The longer a series has been around, or the more expansive its plots, the more room it potentially has to become a kind of portmanteau series containing shows-within-shows. Season 2 of Treme, for instance, devoted part of its time to a storyline involving Janette (Kim Dickens), a New Orleans chef expatriated to New York City.
Not only was her character separated from much of the rest of the action for a good portion of the series, the subplot had a different subject—cooking, not music, being her chosen art—and even its own creative team, of a sort: David Simon brought in chef and TV host Anthony Bourdain to write for that storyline in particular. The subplot dealt with Janette’s feelings of mixed loyalty away from home—hence the famed Sazerac-throwing incident—but it was also very much just a story of the New York City restaurant scene and the personalities, chefs and critics in it.
It was a little esoteric, a little removed from the action, and also kind of beautiful. Very likely no TV network, even HBO, would sign up Anthony Bourdain to create a highly naturalistic drama about life in the kitchens of Manhattan restaurants. (Especially after a sitcom based on kitchen Confidential fizzled out years ago.) But making room for it as an almost interstitial show within Treme was a fine, rare extra—in New Orleans restaurant terms, a lagniappe.
There’s a danger, though, that arises when the spinoff-within-a-show threatens the balance of the show itself. NBC’s Up All Night is another prime example of one, which coincidentally happens to involve a TV show. I’ve been quite enjoying the Will Arnett and Christina Applegate sitcom, about the stresses, insecurities and exhaustion of new parenting. And I enjoy Maya Rudolph playing an outsized parody of a needy, demanding talk show host.
But that latter part of Up All Night is often so different from the former—more satirical, more fantastical, existing on a different level of reality—that it can feel like my TV is randomly switching between Parks and Recreation and 30 Rock. (Not to say that Up All Night is at the level of either yet.) Last week’s episode was the best yet at integrating the two worlds, with its subplot about Rudolph’s Ava feeling left out of her best friend’s new parenting life. But I wonder if it can maintain that balance going forward, or if I’m better off watching the show twice, fast-forwarding through a different half of it each time.
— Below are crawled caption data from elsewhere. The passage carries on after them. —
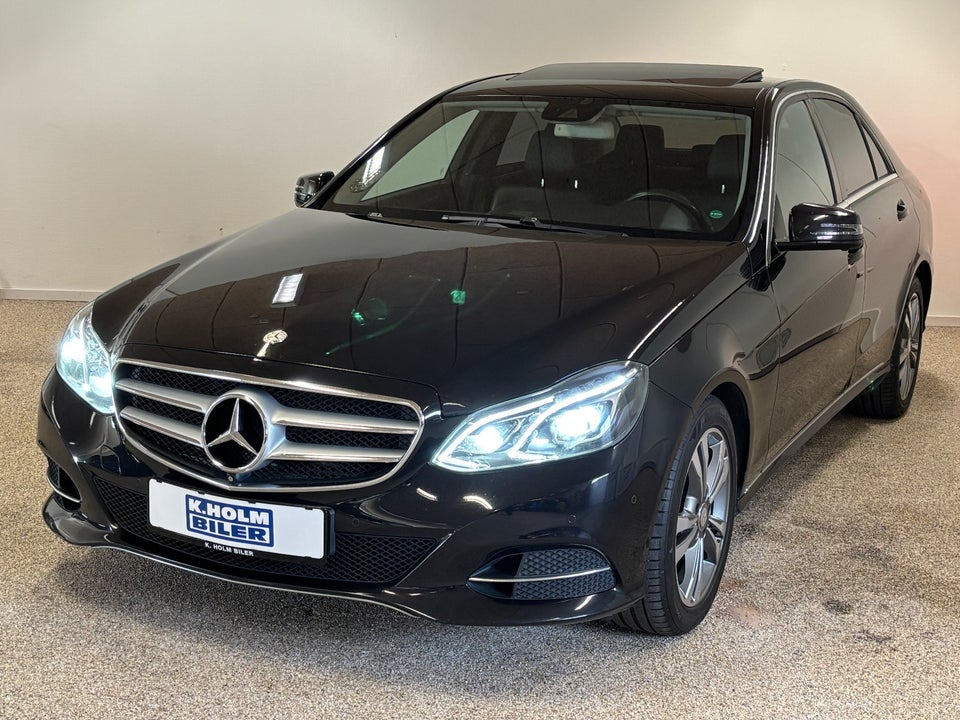 Mercedes E220 2,2 BlueTEC Avantgarde aut. 4d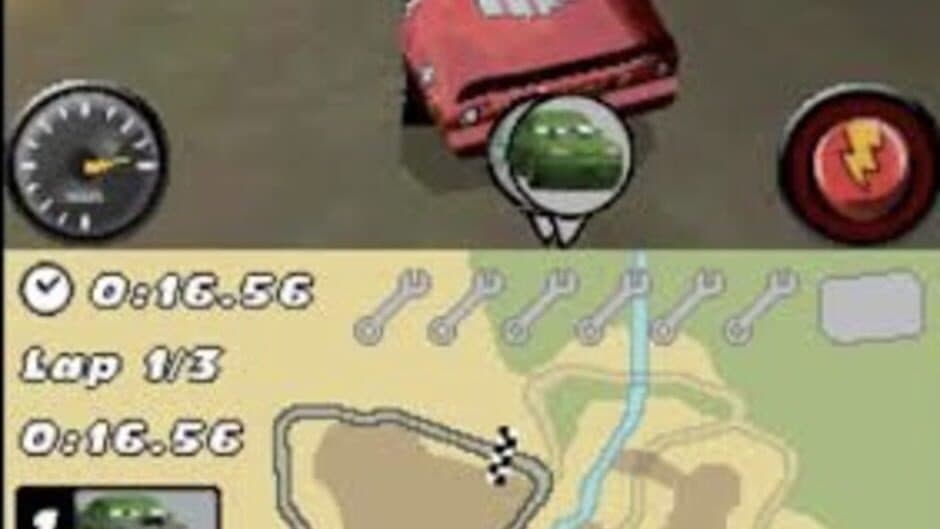 Cars Race-O-Rama screenshot 1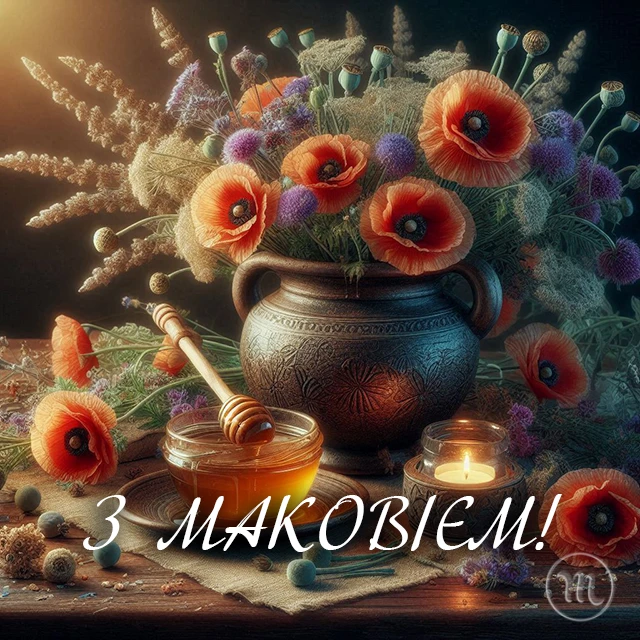 Без категорії - 1 серпня 2024 Медовий спас - щирі привітання у прозі, віршах картинках та листівках українською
The dividing line between subplot and spinoff-within-a-show is fuzzy, of course, but I suspect there are a lot of other examples out there, especially on longer-running dramas and procedurals that I don’t follow as regularly. (And I haven’t even mention kids’ shows, which are much friendlier to the concept—see the mostly-separate Perry storylines in Phineas and Ferb.) Any spinoffs-within-a-show that you’re especially fond of? And should CBS go ahead and spin off Eli Gold: PR already?